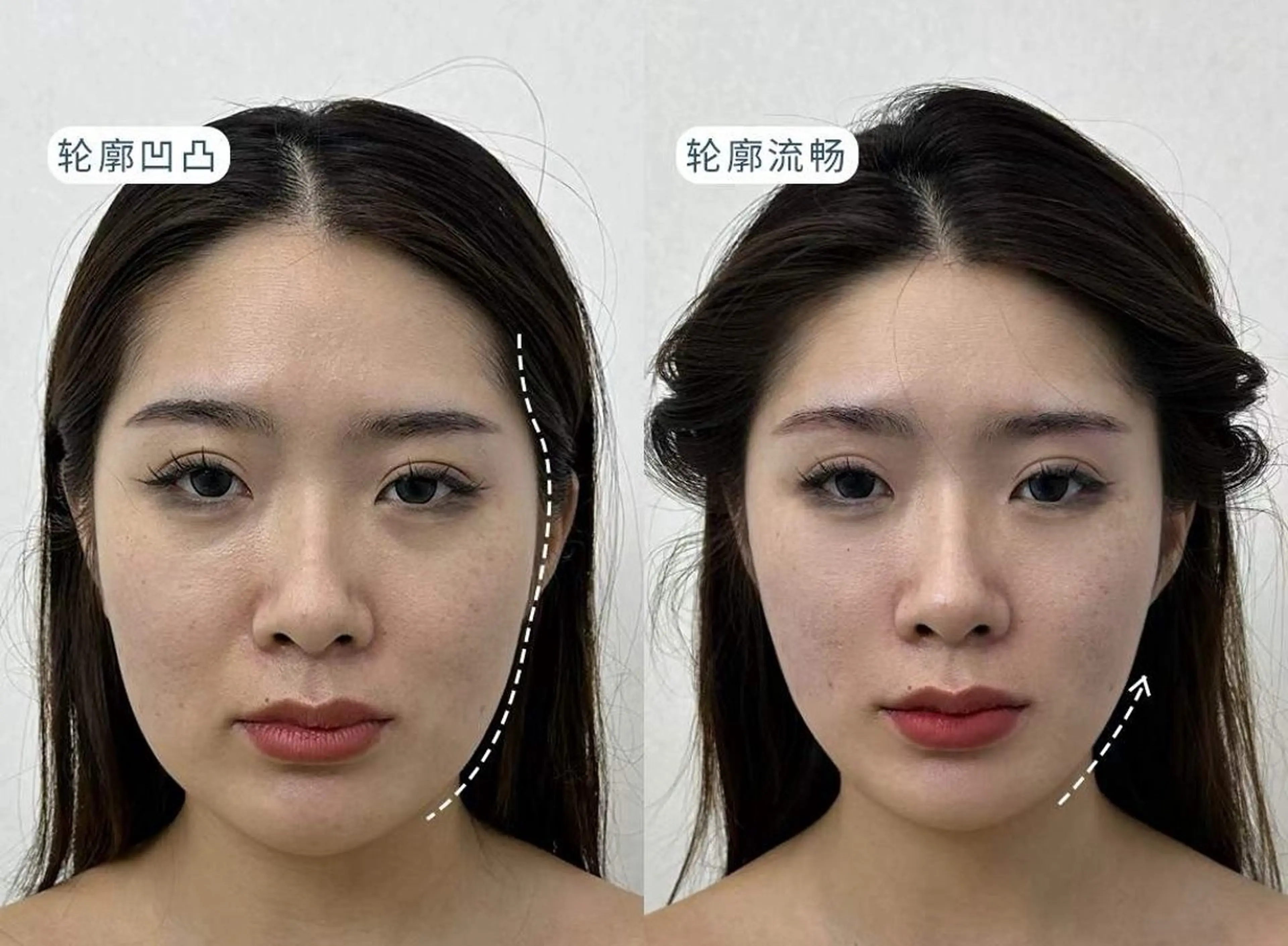 マツエク・マツパ エステ aliaハイフ&水光ジェットサロン所属・aliaハーブ水光店 エステティシャン募集のエステ・リラクイメージ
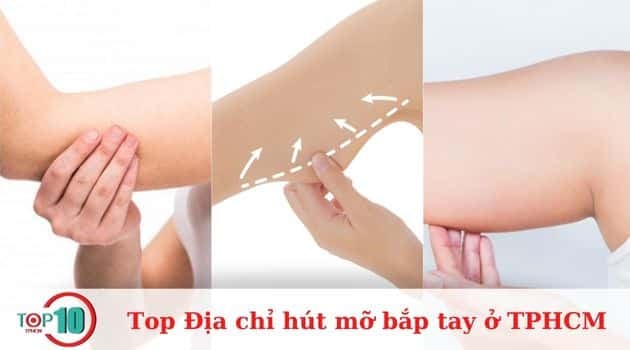 Những địa chỉ hút mỡ bắp tay hàng đầu tại TPHCM đảm bảo an toàn và uy tín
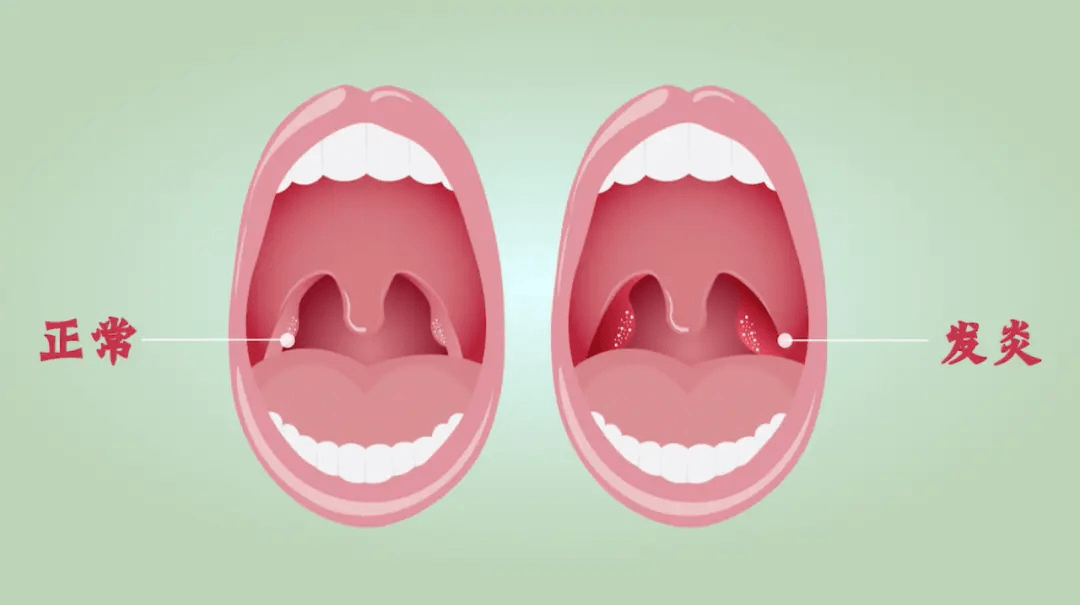 由于扁桃体的位置特殊,呼吸和饮食都是通过口咽部,使得它容易受到细菌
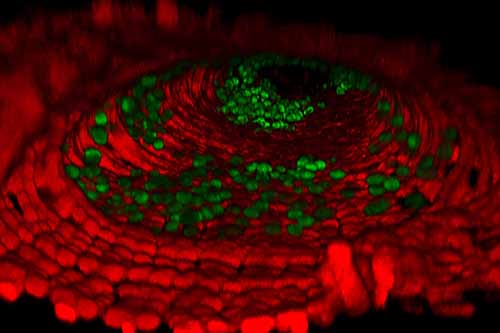Image showing intestinal tumour masses (green) growing and expanding in the intestinal cavity of a fruit fly (red). 
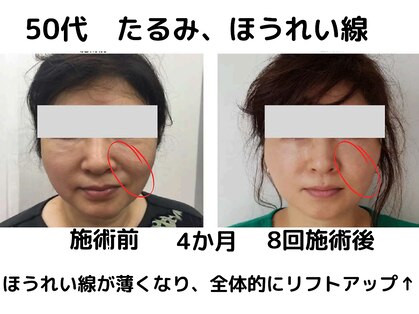 エンジェルエッグの写真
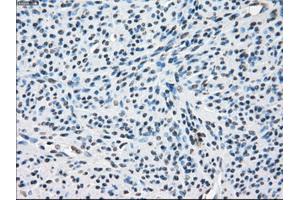 Immunohistochemical staining of paraffin-embedded Adenocarcinoma of colon tissue using anti-ZFP36 mouse monoclonal antibody. (ZFP36 antibody)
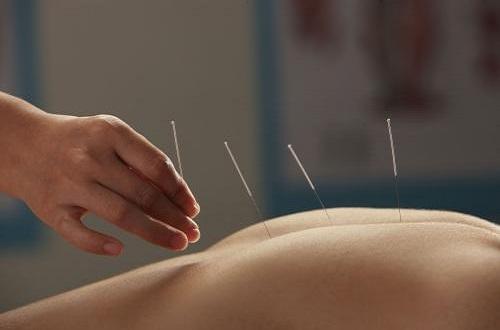 针灸对腰间盘突出效果明显吗（针灸对腰间盘突出效果好吗）-九图集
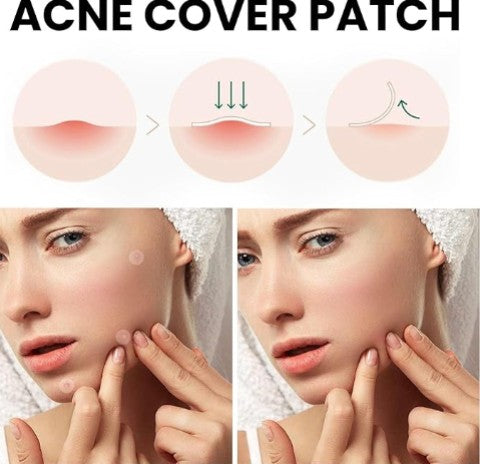 Acne Cover Patch - 5 - CJ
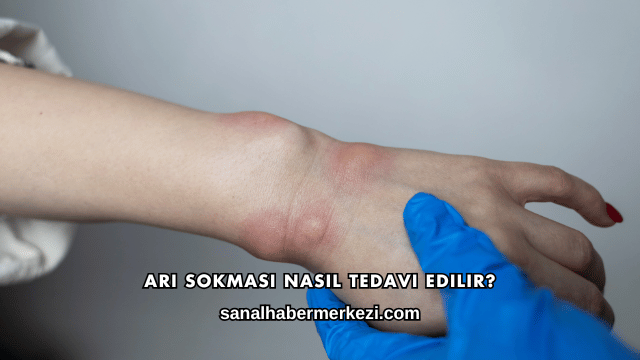 Arı Sokması Nasıl Tedavi Edilir?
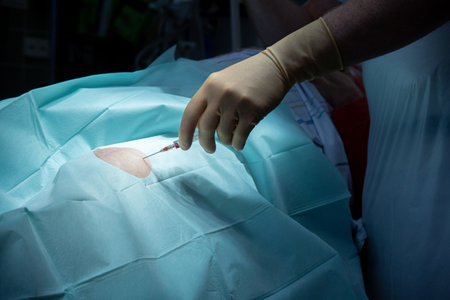 a doctor performs a knee puncture in an operating room with a cannula and a syringeの写真素材
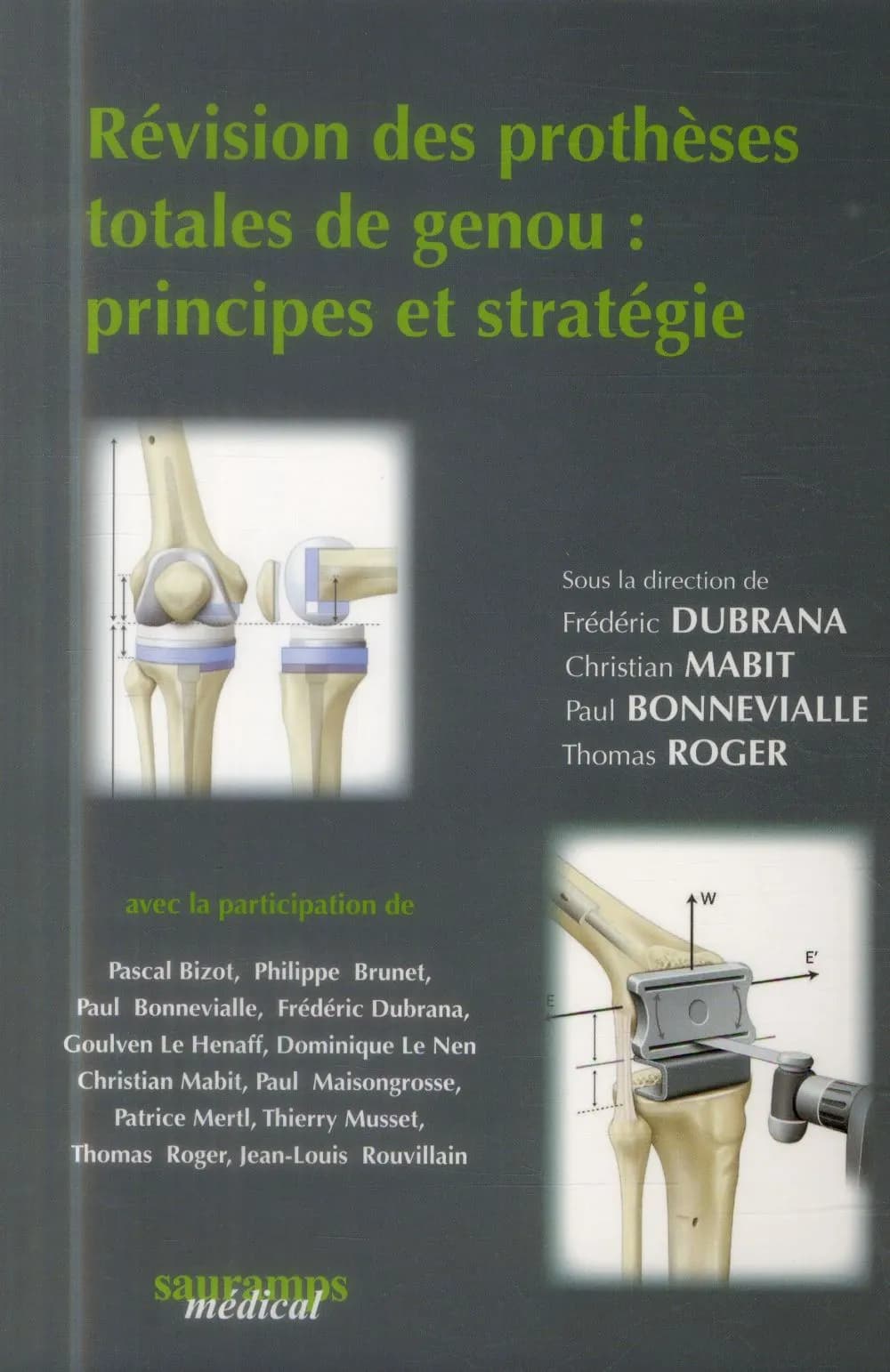 Révision des prothèses totales du genou : principes et stratégie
____
▸ **What you will do**
Quote the material above exactly, from the line holding "由于扁桃体的位置特殊,呼吸和饮食都是通过口咽部,使得它容易受到细菌" through its last line, including both. Omit the pictures.

▸ **Your response**
 由于扁桃体的位置特殊,呼吸和饮食都是通过口咽部,使得它容易受到细菌
Image showing intestinal tumour masses (green) growing and expanding in the intestinal cavity of a fruit fly (red). 
 エンジェルエッグの写真
 Immunohistochemical staining of paraffin-embedded Adenocarcinoma of colon tissue using anti-ZFP36 mouse monoclonal antibody. (ZFP36 antibody)
 针灸对腰间盘突出效果明显吗（针灸对腰间盘突出效果好吗）-九图集
 Acne Cover Patch - 5 - CJ
 Arı Sokması Nasıl Tedavi Edilir?
 a doctor performs a knee puncture in an operating room with a cannula and a syringeの写真素材
 Révision des prothèses totales du genou : principes et stratégie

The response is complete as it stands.